Traffic numbers are VERY important to webcomic creators. As Howard Tayler pointed out in his amazing presentation on Open Source TV if you have verifiable traffic numbers (Howard had done a survey of his readers and that should ring some bells with you because you might recall that almost every popular web comic has been doing surveys for some time now) you can literally "take them to the bank."

But why, you might ask yourself, would these large webcomics do surveys? Well the practical use is to measure possible merchandise sales, set ad rates and try and establish some hard numbers on the size of their committed fan base (and probably a whole bunch of stuff some marketing people could tell us that don't know and don't really want to know). But the REASON these surveys have to be done is because traffic on the internet is largely unmeasurable.

Let's talk about the different ways that traffic is measured on the web and then I can tell you why they don't really work. If you are really into the technical jargon of this subject this post at Wikipedia does an excellent job of explaining it all but doesn't draw the conclusions I will.

Most metric sites require the site being measured to install a small amount of hidden code on the site for the purposes of measurement. As a Google Analytics member myself I know that there is a tiny bit of code that goes off like a roman candle every time my home page gets hit. The same goes for my Project Wonderful ads. The code has to be there or the hits don't get measured.

The big problem with this code is that it requires the user and his/her browser to cooperate and allow themselves to be counted. Many people on the web do not use Javascript and for the most part those folks will be uncountable by this kind of web analytic collection. Zach Weiner recently made a Reddit post about Ad-Block and the implications it has for web based businesses like webcomics that outlines some of the other potential problems with this. If he's right and 10-20% of his traffic is unrecordable because of Ad-Block that means that whatever you are using to gauge your traffic is already off by that much. Would you rely on statistics that are only 80% correct? When you have 1,000 unique visitors to your site and your metric is telling you 800 that might not be so bad. But what happens when you have 10,000 and your metric says 8,000? How about when you hit 100,000 and your metric is only reporting 80,000?

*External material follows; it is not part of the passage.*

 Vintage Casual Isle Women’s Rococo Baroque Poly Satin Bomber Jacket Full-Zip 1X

And that's only one instance of why that type of measurement may fail. Some measurement systems involve cookies. Many web browsers turn off cookies or manage which they accept and which they do not.

Then there are sub domains. You know thissite/atthatsite.com kind of thing. For example; Gamespy is an incredibly popular gaming website with tons and tons of traffic. They also offer lesser known features like webcomics in their humor section. If you were to copy the link to one of these webcomics and then do an Alexa search for traffic you would think these comics were some of the most popular on the internet. When in fact the traffic numbers are high because Alexa does not differentiate between the main site (Gamespy) and the sub domain at which those comics live.

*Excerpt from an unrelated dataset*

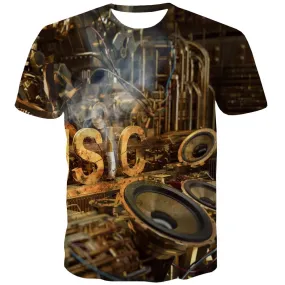 Music T shirts Men Instrument T-shirts 3d Retro T-shirts Graphic Electronic Tshirts Cool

There is also the problem with IP tracking. How many universities, hotels, businesses and homes have multiple users on the same IP address? Think about that for a moment? Then consider all the times your internet service provider has changed your IP address. IP addresses issues have the potential to either radically reduce your real numbers or in the case of a single unique user logging in twice under two different IP addresses slightly, falsely increase those numbers.

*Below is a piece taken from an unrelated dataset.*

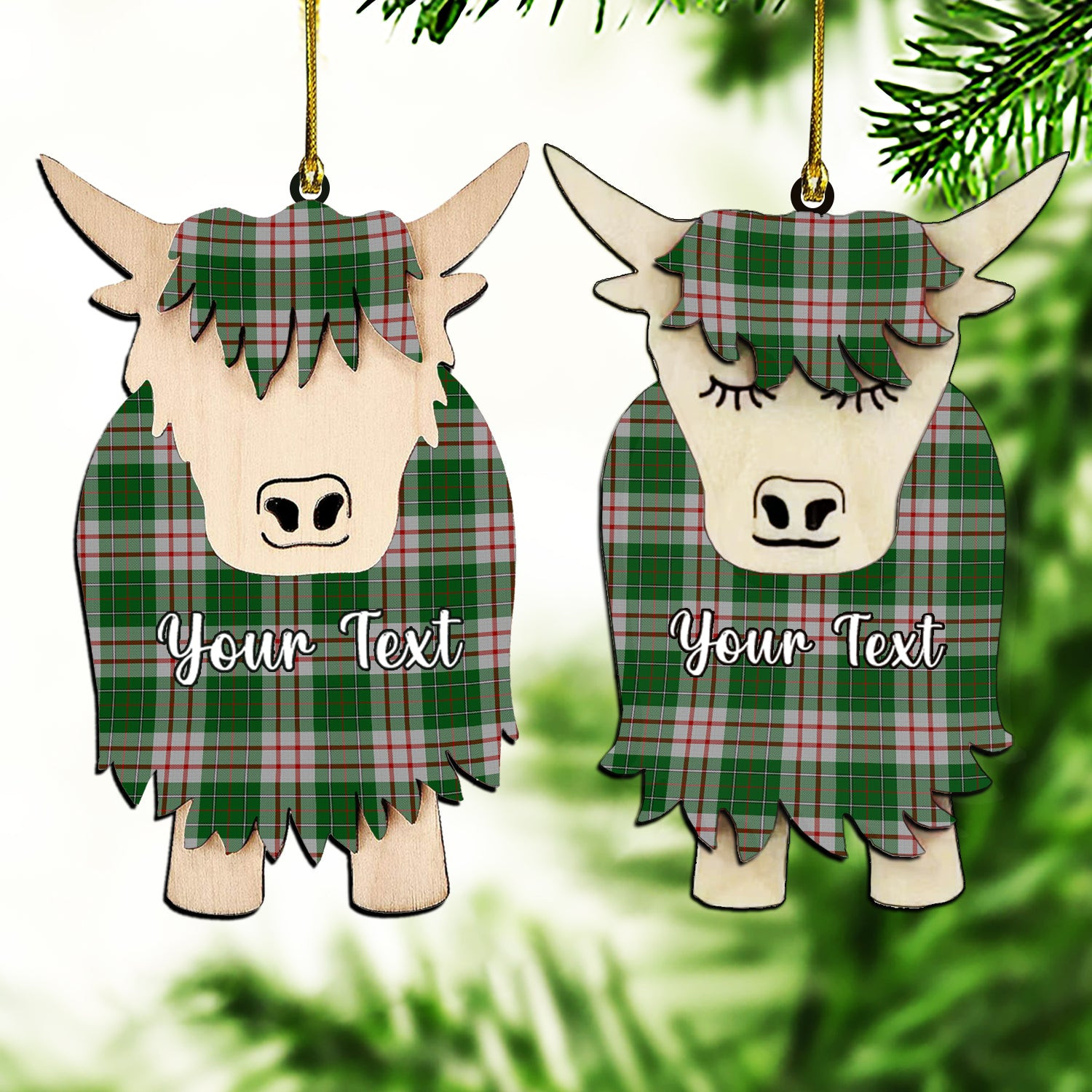 ScotsTee Shop Scottish MacDiarmid Dress Couple Tartan Highland Cow Ornament Acrylic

Not to mention multiple users on the same computer. Ever been in a university computer lab? Aren't college students some of our biggest readers? Two or more people loading the same page from the same computer might increase your page views. But it won't do a thing for your unique users.

Finally, the type of web analytic that has been around the longest and is often trotted out as the most accurate (also the most complex and difficult to interpret) is the log file. By actually measuring the exact number of times certain elements are pulled from the server you can say with absolute confidence that your page was loaded X number of times by a web browser somewhere.

Here's the problem. Caching of certain elements of your page will skew those numbers. So unless you know precisely what portion of your page is being cached by every computer that loaded your page initially you cannot say for sure how many times your page really got loaded. Then there are archive sites. Supposedly Google is now recording everything on the web at all times that isn't secured behind some kind of firewall. So people could be loading your older comics from an archive other than the one at your site. And lastly there are the bots.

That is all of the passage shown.